Français English




AIBO's first words
Agrandissement
  Agrandissement
Prototype-system, Paris, 1999



The Talking AIBO project investigates the mechanism that enables an autonomous robot to learn how to use words in appropriate situations
based on its social and perceptual history. In the current experiments, an enhanced version of AIBO -- Sony's four-legged robot -- tries to construct from scratch the meaning of simple words uttered by humans. These words concern the presence of objects (ball, red, etc), the behavior of the robot (walk, sit) and the robot's body part (leg, head). These experiments show the importance of grounding each word in its social and perceptual context

Related Publications

Steels, L. and Kaplan, F. (2000) AIBO's first words, the social learning of language and meaning, Evolution of Communication, 4 (1): 3--32. [pdf]

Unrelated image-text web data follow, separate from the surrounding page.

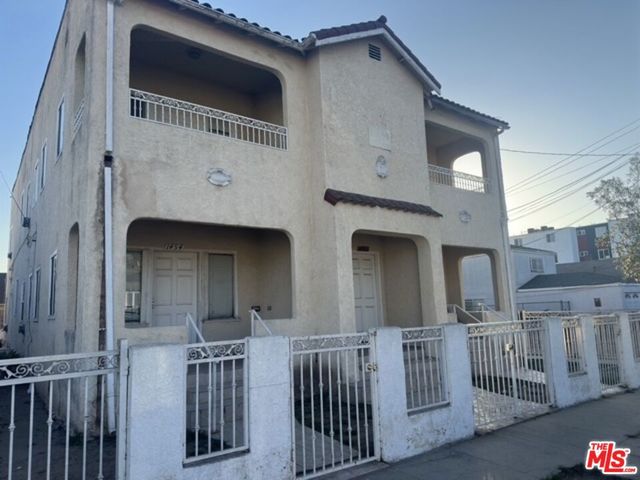 1452 W 35th Street, Los Angeles, CA 90018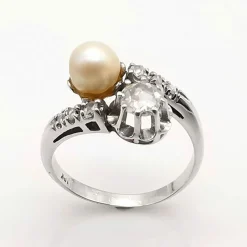 Bague or blanc toi & moi diamants et perle
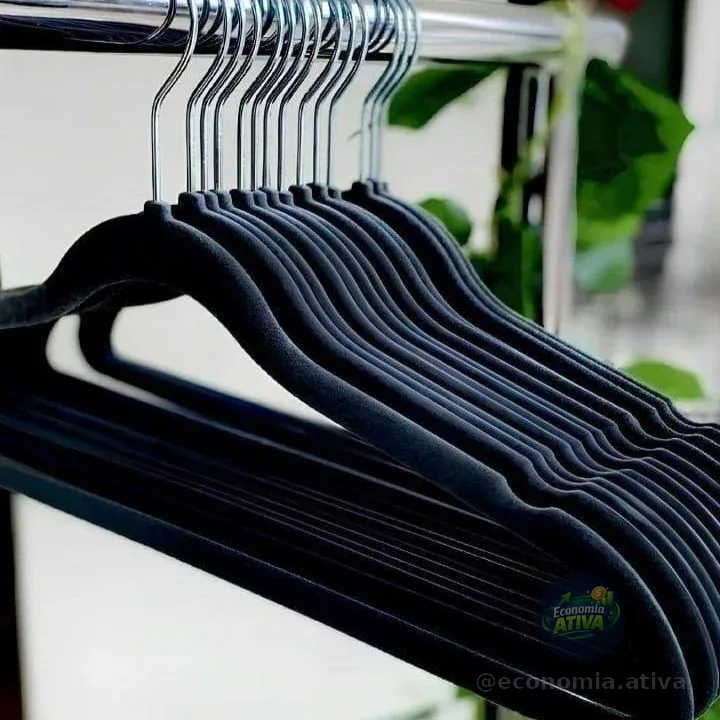 Kit com 10 Cabides de Veludo  Antiderrapante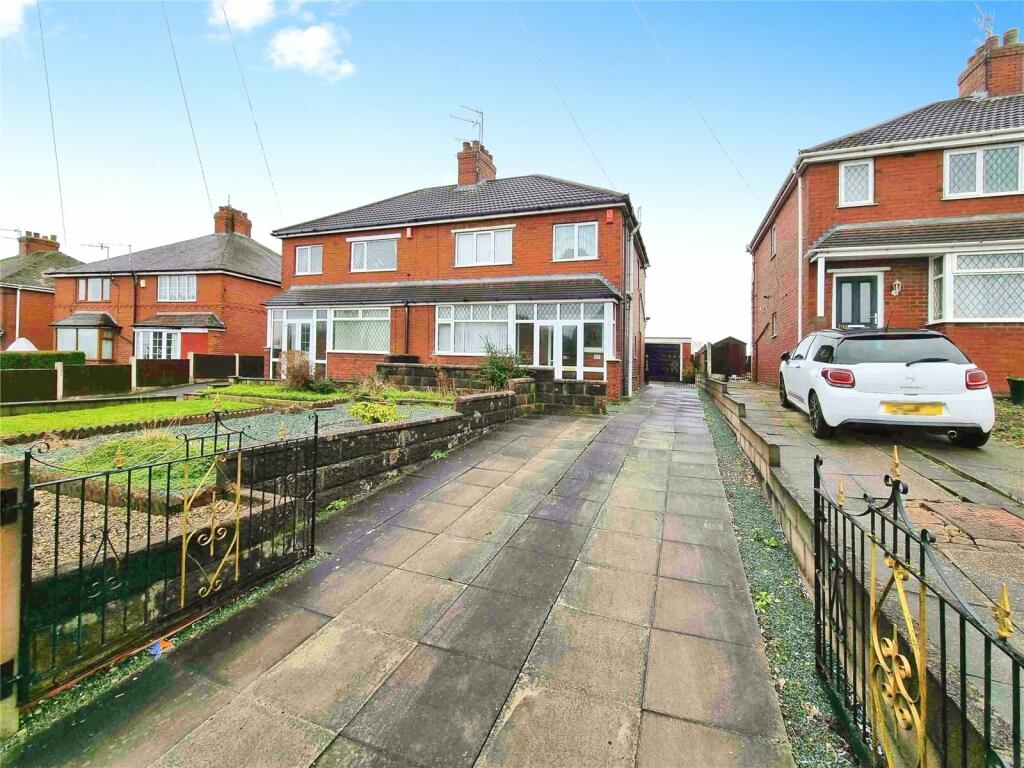 2 bedroom semidetached house for sale in Brownhills Road, Tunstall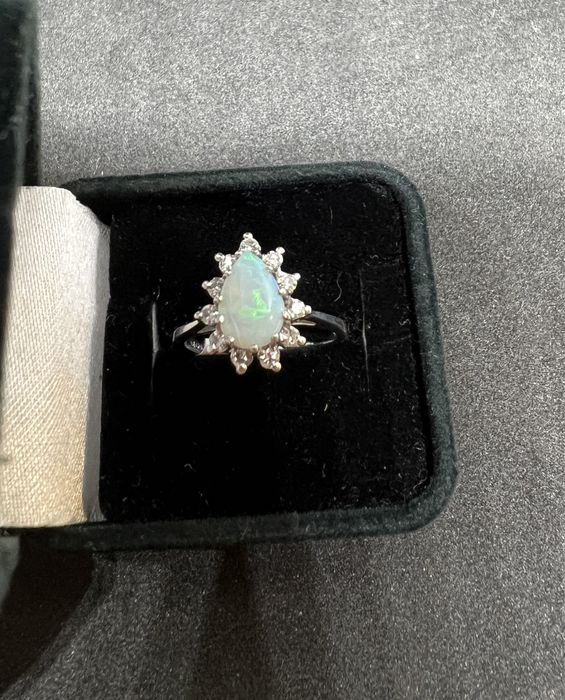 Pierścionek/ białe złoto/ brylanty/ opal/ 585/ rozmiar 9,5/w2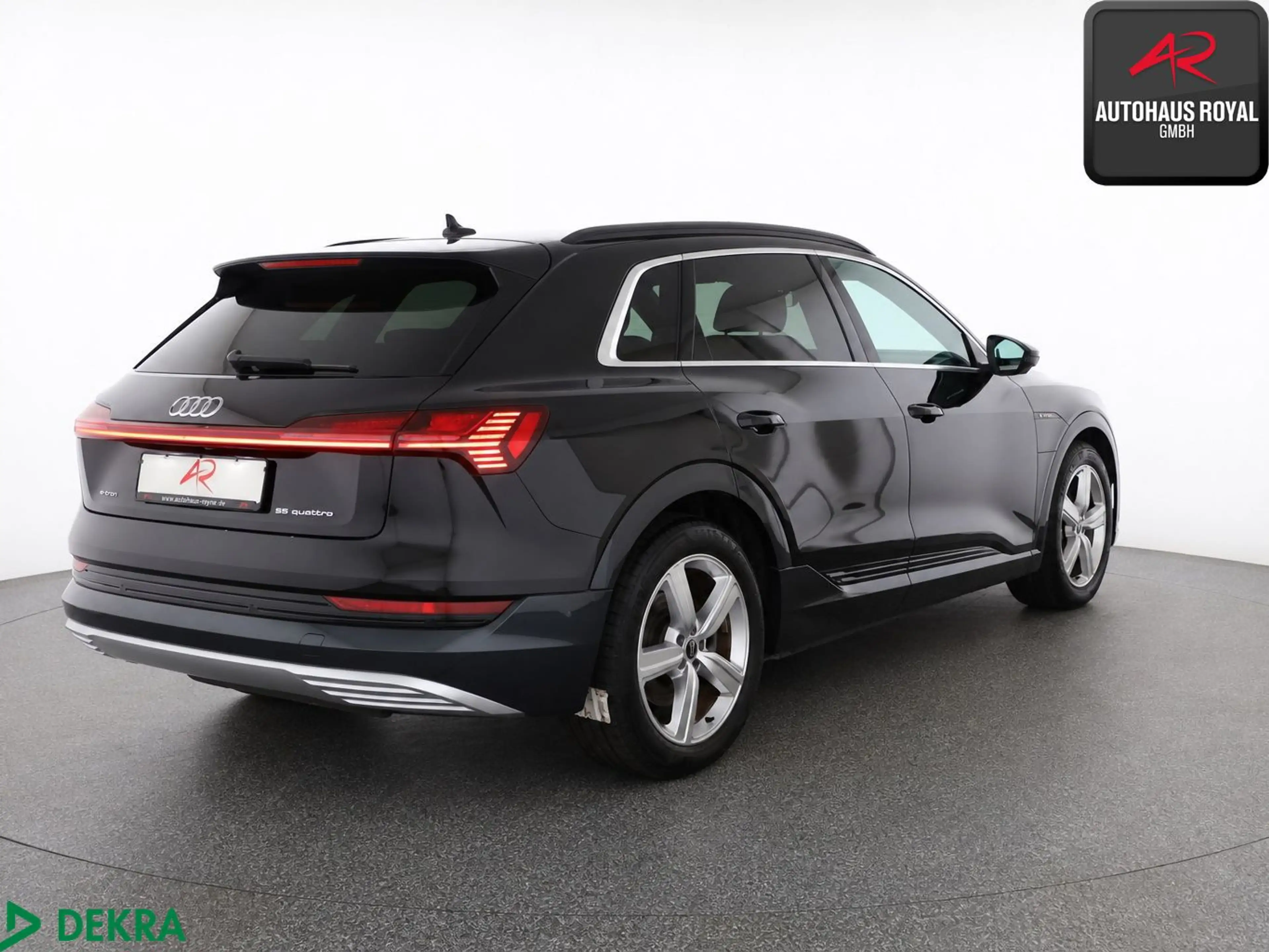 Audi e-tron 55 qu S LINE 20Z HUD,LUFT,KEYLESS,ACC,360 — photo 4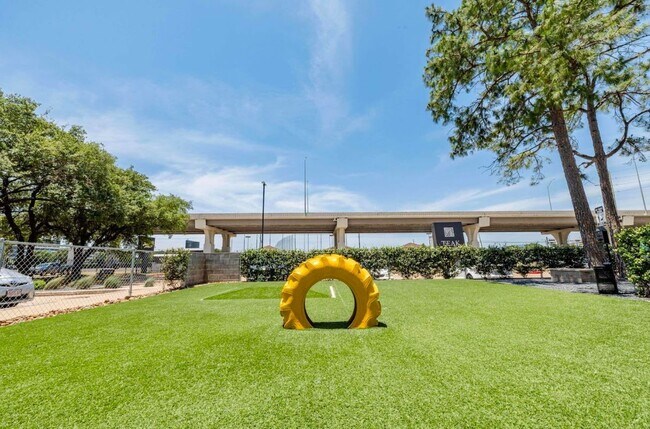 Building Photo - 14703 Park Row Blvd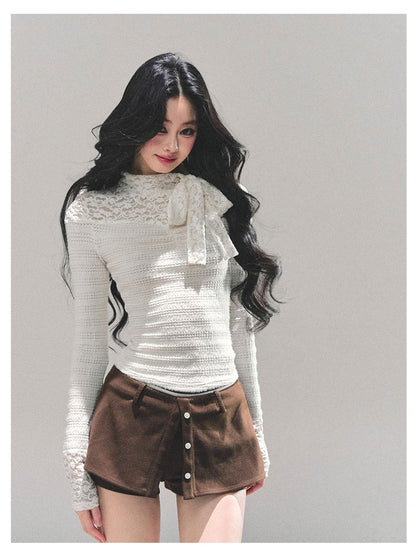 少也眼 “Monochrome Whispers" Lace Long-Sleeve Top - White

This paper explores the hypothesis that language communication in its very first stage is bootstrapped in a social learning process under the strong influence of culture. A concrete framework for social learning has been developed
based on the notion of a language game. Autonomous robots have been programmed to behave according to this framework. We show experiments that demonstrate why there has to be a causal role of language on category acquisition; partly by showing that it leads effectively to the bootstrapping of communication and partly by showing that other forms of learning do not generate categories usable in communication or make information assumptions which cannot be satisfied.